How should we promote sessions for the particular people we want to work with?

People who haven’t been active for a while are often apprehensive about getting involved. It’s therefore very important to get the message right when you advertise your services.

How should we promote sessions for the particular people we want to work with?

People who haven’t been active for a while are often apprehensive about getting involved. It’s therefore very important to get the message right when you advertise your services.

This question is important because:

People who haven’t been active for a while are often nervous about getting involved.  You therefore need to get the message right when you promote your activities.  Exactly how you do this will depend on who you want to target and how they access your service (eg referral, signing up or just coming along to a session).  It is said that people need to see something at least 7 times before they are likely to act on it so you need to spread the word lots of places and in lots of ways.

Research

The University of Strathclyde’s evidence shows that people are as much motivated by fun and meeting others as by becoming active.  When advertising your services you should therefore take into account what motivates people to take part.

Key messages:

Think about your audience. Is it potential participants themselves, friends and family of potential participants, health professionals, or other organisations who may already have contact with the people you want to attract?

The term ‘inactive’ can be unhelpful and act as a barrier for some. Consider language around ‘becoming active’ and ‘active journeys’ in your materials, and emphasise the social and fun.

Once you know your audience you can come up with appropriate messages. You may need to promote your service to several different audiences and might need different materials for each one.

You may need to explain:

  • who can come along
  • that your programme is specifically aimed at people who haven’t been active for a while
  • what to expect from a session (length, frequency, type of activity, how you accommodate people’s different needs, whether they can come and watch before getting involved, any social aspects…)
  • what the benefits could be (social, physical and/or emotional)
  • when and where sessions happen
  • what to bring (clothes, equipment…)
  • any costs
  • how to get involved (eg referral or open access)
  • how you can support people to take part (eg meet or speak beforehand or encourage them to bring a friend along)
  • how to find out more (website, e-mail, phone, social media…).
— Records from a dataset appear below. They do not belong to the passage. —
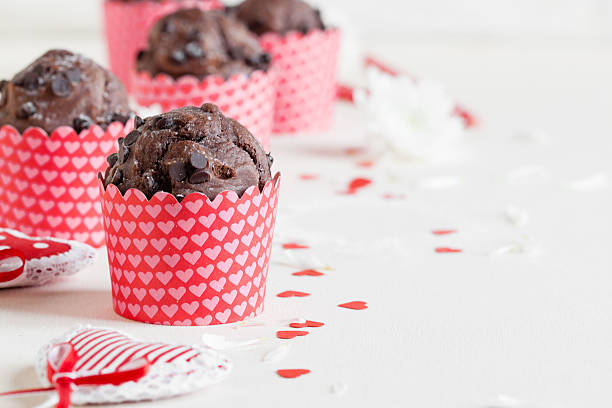 muffins de Chocolate - fotografia de stock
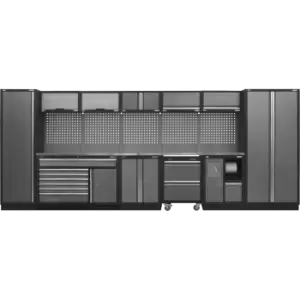 Image of Sealey Superline Pro MSS Stainless Steel Worktop Storage Combo 4915mm 460mm 2000mm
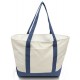 Bay View Giant Zipper Boat Tote Bag by Duffelbags.com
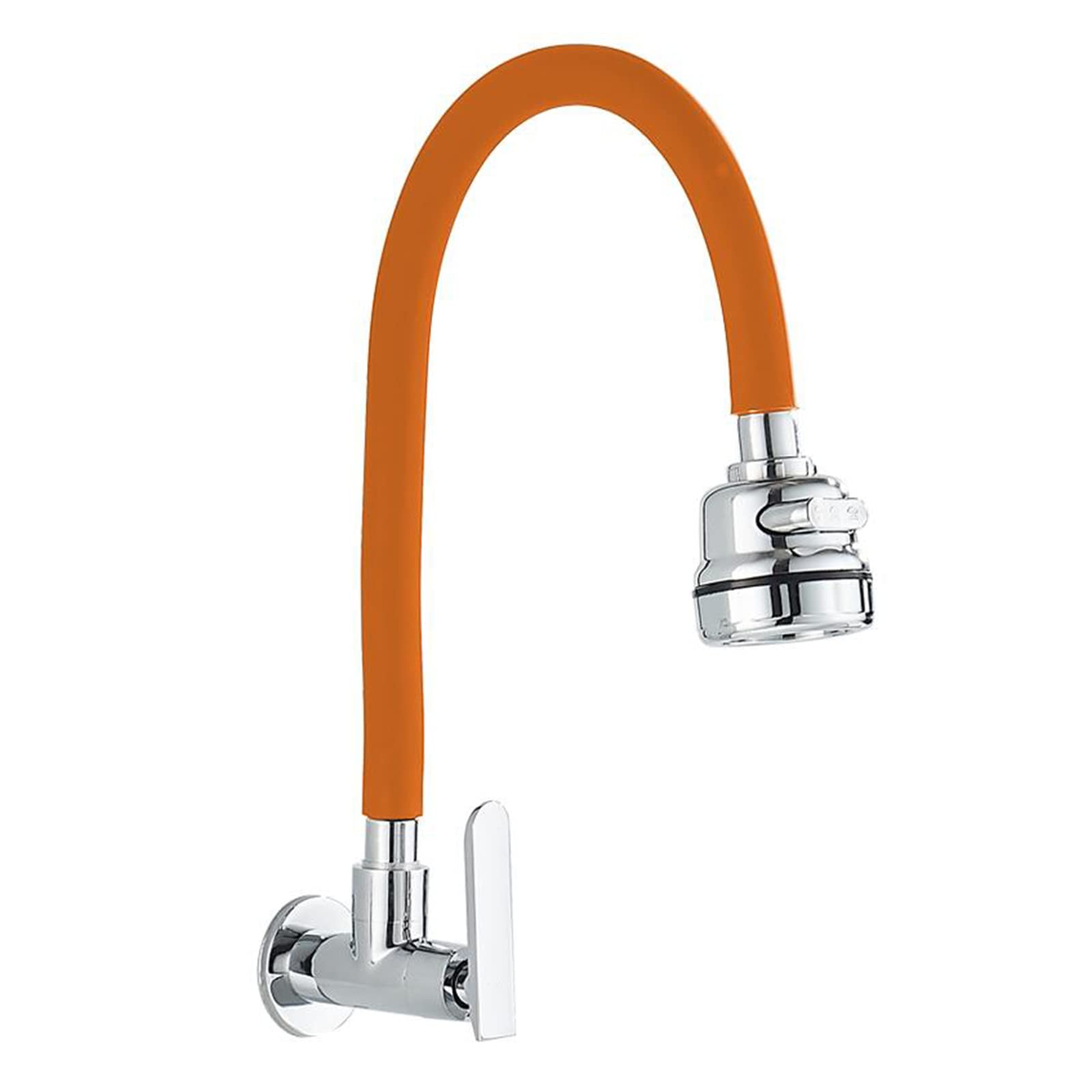Rubinetti, Rubinetti per lavello da Cucina Rubinetto da Cucina a Parete Solo Acqua Fredda Rubinetto Girevole in Ottone per lavello Rubinetto per Bagno/Arancione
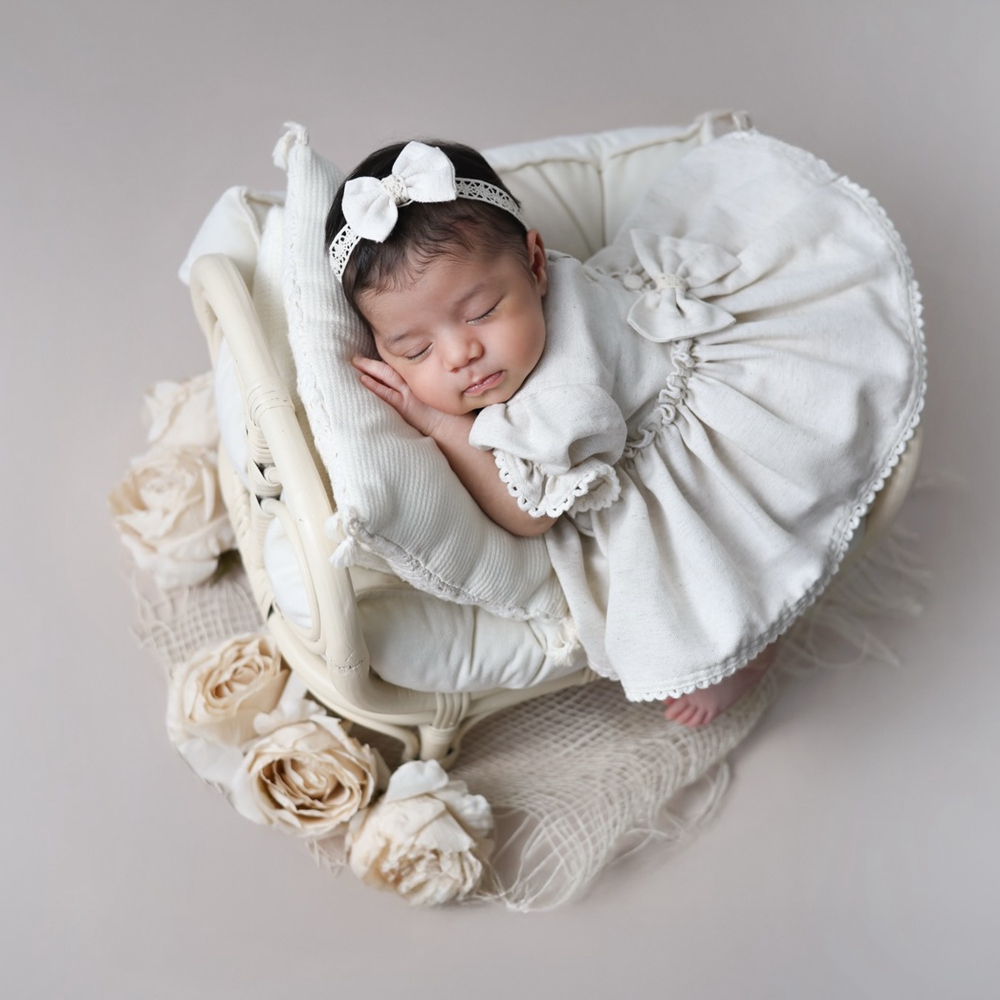 Baby Clothing Gifts - Pasgeboren fotografie rekwisieten babymeisjeskleding kanten rug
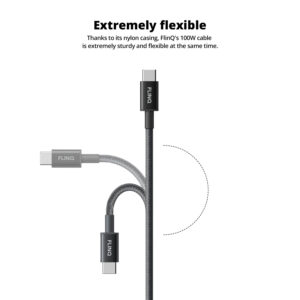 FlinQ 100W USB-C Charging Cables - 2-pack - Image 9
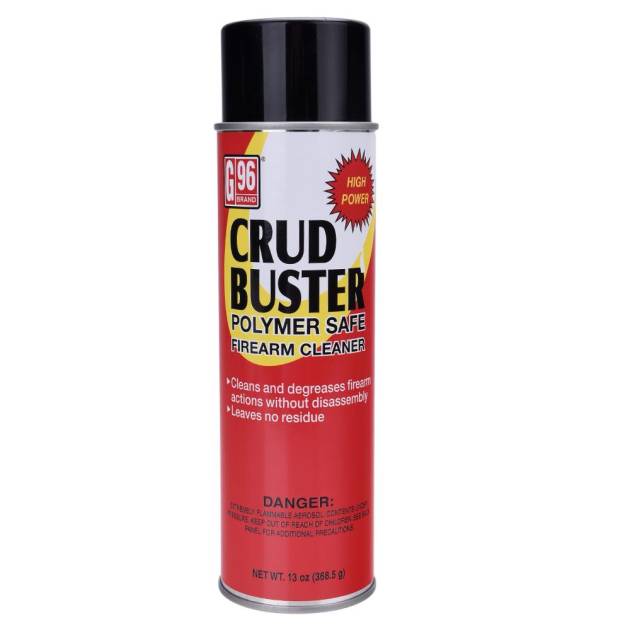 G96 Crud Buster Polymer Safe Firearm Cleaner 13 oz Aerosol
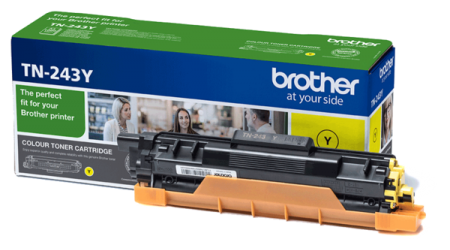 TONER BROTHER AMARILLO TN243Y PARA DCP-L3510CDW, DCP-L3550CDW, HL-L3210CW,  MFC-L3710CW,  1000 PAG ORIGINAL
Your messages to potential participants might include:

  • “Becoming more active will give you huge physical health benefits.”
  • “You can achieve significant benefits very quickly through minor increases in activity.” (small steps approach)
  • “Being more physically active can lead to big improvements in your mental health.”
  • “If you join our sessions you will have fun and get to know new people.”

Use photos of real people – not stock images of perfectly proportioned athletes.

Include quotes from previous participants and/or referrers.

Use straightforward, friendly language.

Ask people from your target audience to comment on draft materials.

Your audience (young people, old people, new mums, health professionals etc…) will determine how best to promote your sessions.

Ask previous and existing participants how they heard about you.

Ways of getting your message out could include:

  • running taster sessions for existing groups of people
  • giving talks to potential participants
  • the internet (your website, community sites, condition-specific support forums…)
  • social media
  • word of mouth: “bring a friend”
  • targeted leaflet drops
  • leaflets and posters in “sticky places” – places where most people in a community go fairly often (shops, library, pub, health clinic, chemist…)
  • asking local chemists to put leaflets in appropriate prescription bags
  • local radio
  • local press

Download

Diagram of Dundee Active referral process

Quote

“Seeing others in these photos has helped me to realise I could do this too.  It’s good to know that you walk at the pace of the slowest.”

“I am going to try and get my husband involved too as he has arthritis and is blind and this could help him too.”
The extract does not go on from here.